17 Aralık 2004 öncesinde hükümet sanki "daha ataktı."
Meclis'in önüne sürekli "iş" götürüyordu. "Gündeme" hakimdi.
Daha sora "sanki bir duraklama" oldu. "Kabinede değişiklik yapılacak, yapılmayacak" dalgalanması yaşandı. Bürokrasi "tedirginliğe" girdi.
Gündemin "hükümetin avucundan kayar gibi olduğu" görüntüsü doğdu. Neden?
***
"Gözlemlerimizi" hükümet sözcüsü ve Adalet Bakanı Cemil Çiçek'e söyledik. "Soruyu" da ona sorduk:
- Neden?
Cemil Çiçek'in yanıtına gelince...
***
Sayın Donat.
17 Aralık'tan önce hükümetin önünde AB ile ilgili bir takvim vardı. Herkes ne gün ne yapacağını biliyor, gündem de ona göre belirleniyordu.
Şimdi AB konusunda yoğun gündem yok. Ama her bakanlık, kendi içinde, AB ile ilgili çalışmaları yapıyor. Mutfak çalışmaları sürüyor.
Ayrıca ocak ayına biraz da CHP damga vurdu. Davos bile bir ölçüde CHP kurultayının gölgesinde kaldı.
Gündemi dolduran konulardan biri de Kıbrıs'tı. 20 Şubat'ta parlamento, nisanda da Cumhurbaşkanlığı seçimi var. Ancak, önümüzdeki günlerde hükümetin yeniden vites yükseltip, gaza bastığını ve gündemi belirleyeceğini göreceksiniz.
***
Hükümet önümüzdeki günlerde "neler" yapacak?

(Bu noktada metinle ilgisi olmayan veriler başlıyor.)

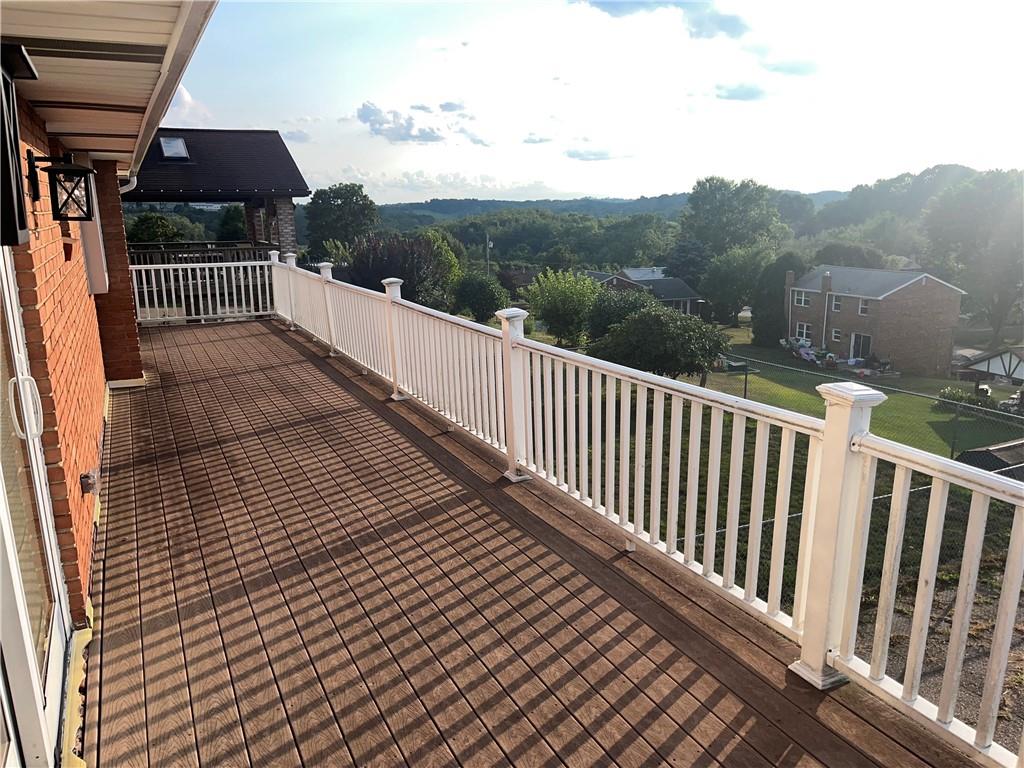 7 Fieldcrest Drive Cecil, PA 15321 - Photo 13 of 15 a view of a balcony with wooden floor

Vites "nasıl" yükseltilecek?
"Gaza" nasıl basılacak? Cemil Çiçek:
- Siz de sürekli yazıyorsunuz... İşsizlik büyük sorun diye.
- Evet.
- Türkiye'nin şu anda ana konusu yatırım... Bütçenin ancak 15'te biri yatırıma ayrılıyor... Devletin imkanı bu... Öyleyse yatırımcıyı harekete geçirmek şart... Bu yapılacak.
***
Cemil Çiçek:
- İçerideki yatırımcıya moral vermek ve teşvik getirmek şart... Bu yapılacak.
- Ya dışarıdakilere?
- 2005, Türkiye için yabancı sermaye yılı olacak.
- Beklenen rakam nedir?
- Rakamı biliyorum ama söylemeyi doğru bulmuyorum.

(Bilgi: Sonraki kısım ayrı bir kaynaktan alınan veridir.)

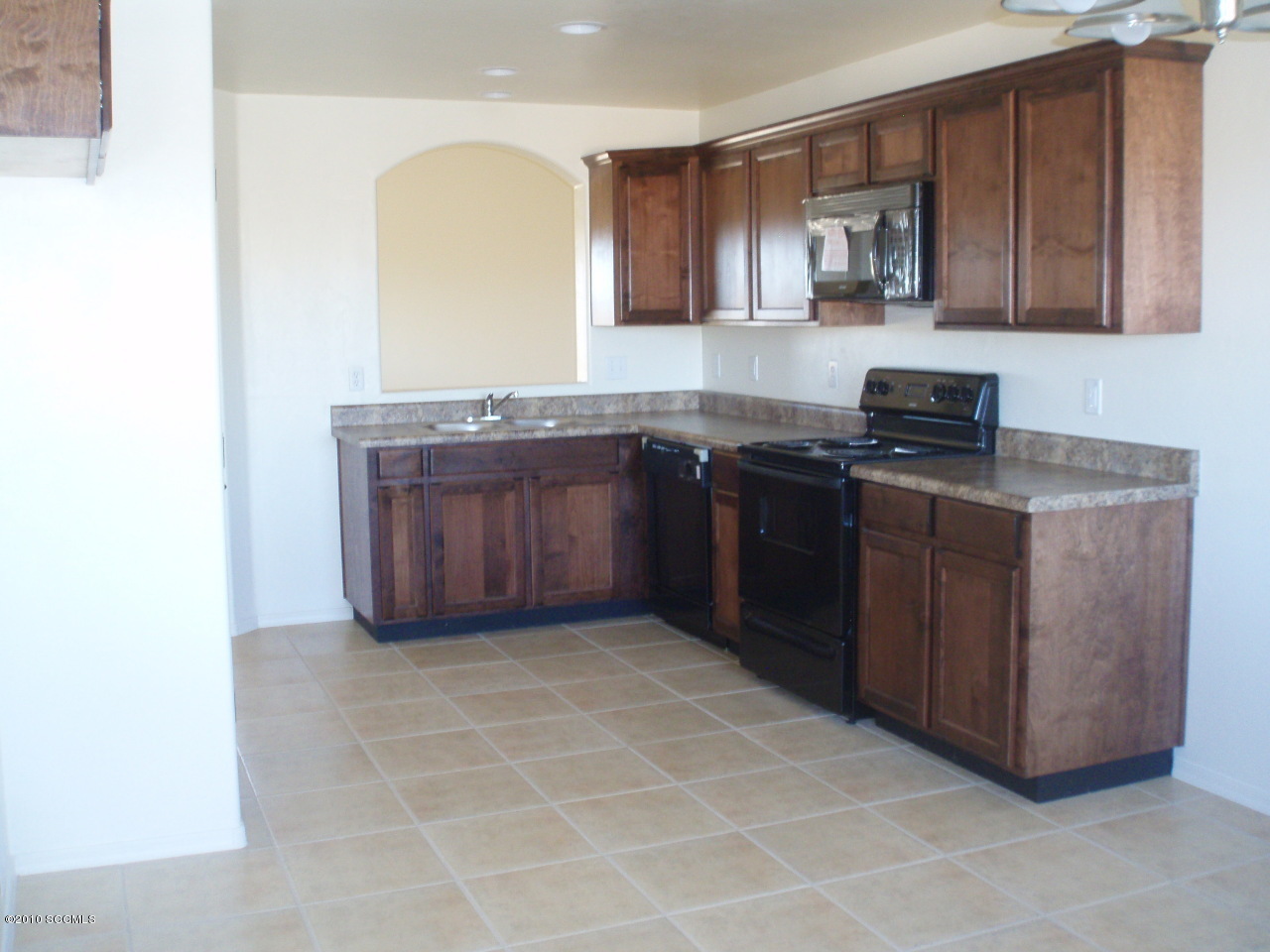 234 Via Espina Rio Rico, AZ 85648 - Photo 4 of 6 a kitchen with stainless steel appliances granite countertop a stove a sink and a microwave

- Yabancı sermayeyi nasıl çekeceksiniz?
- Yeni bir finans yöntemi geliştiriyoruz... Yeni bir borçlanma politikası getiriyoruz... 2005 mutlaka teşvik yılı, yatırım yılı olacak... İşsizlik ancak böyle önlenir.
***
"Gözlemimizi" bir kez daha tekrarlayalım. Hükümet 58 gündür sanki "rampada" gibi. "Yavaş" gibi.
Şimdi Cemil Çiçek'in söyleminin "hangi ölçüde gerçekleşeceğini... Vitesin ve gazın ne kadar yükseleceğini" göreceğiz. "Dedikleri olursa da" sevineceğiz. Zira "işsizlik, en büyük adaletsizlik."